The Fund Administrator is the first line of delinquency defense. Ongoing contribution delinquencies should be presented to the committee by the administrator for discussion and direction. For delinquency proceedings to run smooth, it is essential that the collections procedures used by the administrator are well thought out and consistently applied.  This includes direction for billing delinquent employers and referral to collections counsel, as well as advising the auditor of employers entering or withdrawing from the fund to expedite their audits.

Fund Payroll Auditor

As the eyes and ears for the collections committee, often the auditor encounters developing delinquencies before anyone else, and should share what they are seeing at contributing employers. This would typically be included in the auditor’s status report for ongoing and completed payroll audits. It is also important that the auditor explains the challenges faced when doing the payroll audits. Quite often the other committee members can equip the auditors with the tools and information needed to meet these challenges. This could be logistical support from the administrator, referral of an employer to counsel for audit entry, or direction from labor and management on a collective bargaining agreement interpretation issue.
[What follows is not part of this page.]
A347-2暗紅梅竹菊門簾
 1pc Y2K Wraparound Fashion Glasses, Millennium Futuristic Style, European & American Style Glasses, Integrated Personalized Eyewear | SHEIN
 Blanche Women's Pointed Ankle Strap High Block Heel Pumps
It is important to keep in mind that the role of everyone on the committee is mutually supporting. Members should communicate openly during and in between regularly scheduled meetings as issues arise. The frequency of these scheduled meetings depends largely on the issues faced. Plans with complex issues or frequent delinquencies should obviously meet more often. Plans with simple delinquency issues may not even need a committee. It is also important to consider the economic and industrial context the plan finds itself. For example, you should expect to see an increase in delinquencies for your building trades contractors when times are lean and public works contracts are hard to come by. This means more oversight and more meetings. However, in most cases two to four meetings per year is typical and each should include an agenda. Action items should be summarized with the meeting minutes to keep all delinquency pursuits on track. Necessary items should be reported to the full board to assist in high-level decisions.

Above all else, the success of an effective committee hinges on our understanding that this is a team effort. And although time cannot be replaced or slowed down, it seems we can create it by simply being more efficient in the way we delegate our responsibilities.